Joined: Jul 22, 2005 Posts: 89 Location: United States of America
Posted: Wed Nov 09, 2005 2:16 am Post subject:
rko74 I feel for ya. Im 24 and feel like Im rapidly approaching your situation I moved out of moms house at 22, but only to move in with my brother, so its still like Im living off someone else. Im so poor I could never afford my own life.
As for the womenz deal, I have no clue dude. Ive tried internet dating services, crying my eyes out, talking to god, wishing I was never born, looking down the barrel of a gun, hell I even tried asking some girls out.
I think Im beginning to become "militantly single". Im almost pissed off about it now. THE HELL WITH IT!!! Stupid bitches, I dont want nothing to do with you either you shallow fucking idiots!!!!! Just leave me the fuck ALONE! like you have been........
Joined: Jul 22, 2005 Posts: 89 Location: United States of America
Posted: Wed Nov 09, 2005 2:22 am Post subject: I HATE EVERYBODY
in this shitty fucking world! YOU ALL CAN GO TO HELL AND EAT SHIT while sipping your super double latte cappochino CRAP!

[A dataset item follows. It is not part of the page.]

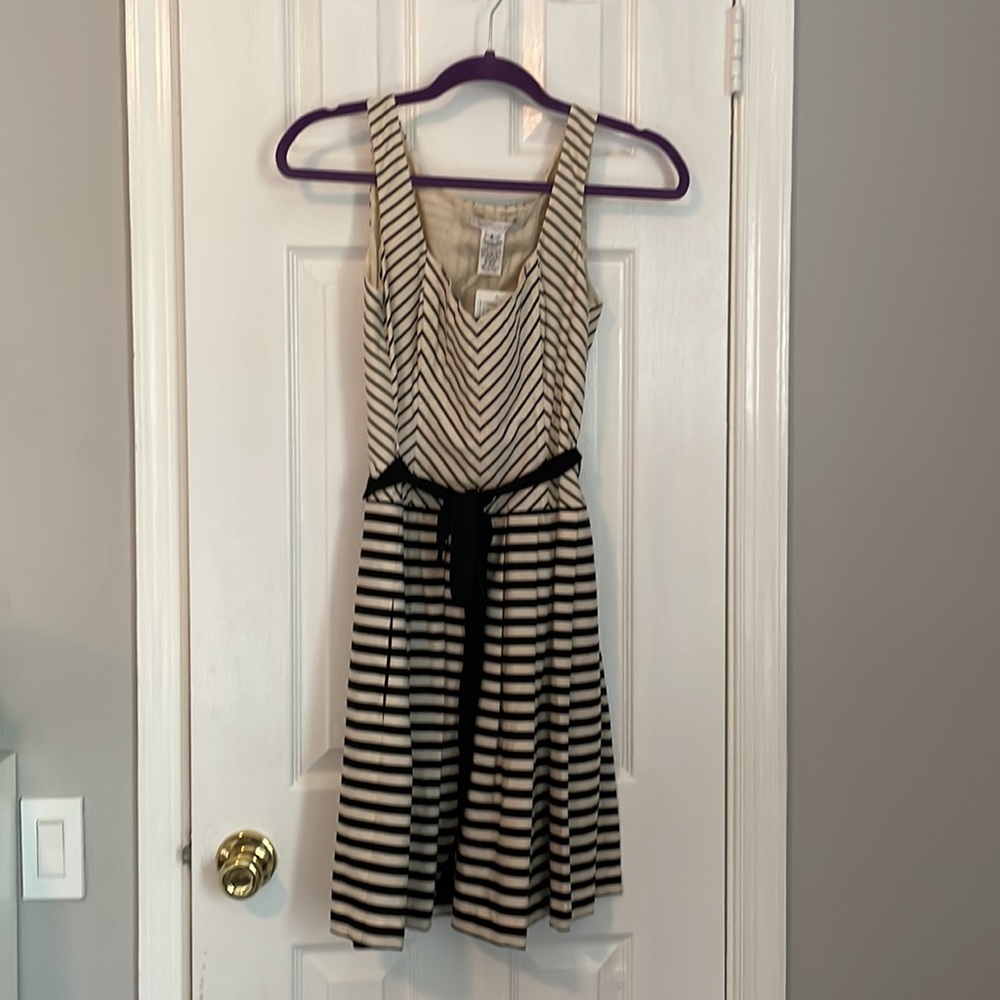 Corey Lynn Calter dress from Anthropologie.  Size 4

When you see the low life motherfucker on a street corner, living in rags, pushing a shopping cart THINK OF ME. Think of your BULLSHIT rules and regulations for everything. Think of the cost of living. Think about those of us who are left in the dust. Be thankful we arent mean-spirited violent people
Well I just wanted to say not to give up on us girls! My boyfriend never had a girlfriend before me and he was 25 and living with his parents. (and he didn't even have SA as an excuse!!) Alot of guys (and girls) are in this situation so don't be embarassed. Besides, I'd rather date someone who was older and never dated than someone who didn't take relationships seriously and had slept with lots of girls.
Oh yeah, and in this day and age it would make a girl feel "safer" if the guy they were dating hadn't slept around. (you know, STD's and all). Just be persisent and put yourself out there. Alot of girls are jerks, but not all.
Wow I thought I was the only one. I am 27 and have never had a girlfriend or been on a date. It is so relieving to hear you guys talking about things that I have often thought about, like feeling like I am letting down my parents. Until a year or two ago, I didnt even want a girlfriend or friends (which I dont have either), but recently I have started thinking I might like some companionship. But now I am completely lost, as to how to meet people, how to start a converstaion, or even what people do on a date? Needless to say I have never been dancing or kissed a girl or anything, LOL. I can see all of that being big hurdles. I actually wish I didnt feel the need for friends or a girlfriend, like a few years ago. I dunno why I have changed. Well Its more than a month since your post so lets hope you have had some luck in your goals, whatever they may be
Im 15, so at the moment it doesnt matter that I've never had a boyfriend...but I know that eventually it will get to the point where I will be the only one and then I will feel like even more of a freak than I do now...
Joined: Jan 05, 2006 Posts: 28 Location: Los Angeles, CA
Posted: Thu Jan 05, 2006 7:07 am Post subject: Re: I have never had a girlfriend in my life
rko74 wrote:
Ok there i said it, and im really embarassed.I'm 31, is there hope for me? Its not that im ugly or anything its just the social phobia me not overcoming it. Im trying to do something about it, im going to see a therapist this month and he told me to read "Dying of Embarassment".I wish i had more motivation.I think i have let it go on so long because im so comfortable living at home with my parents.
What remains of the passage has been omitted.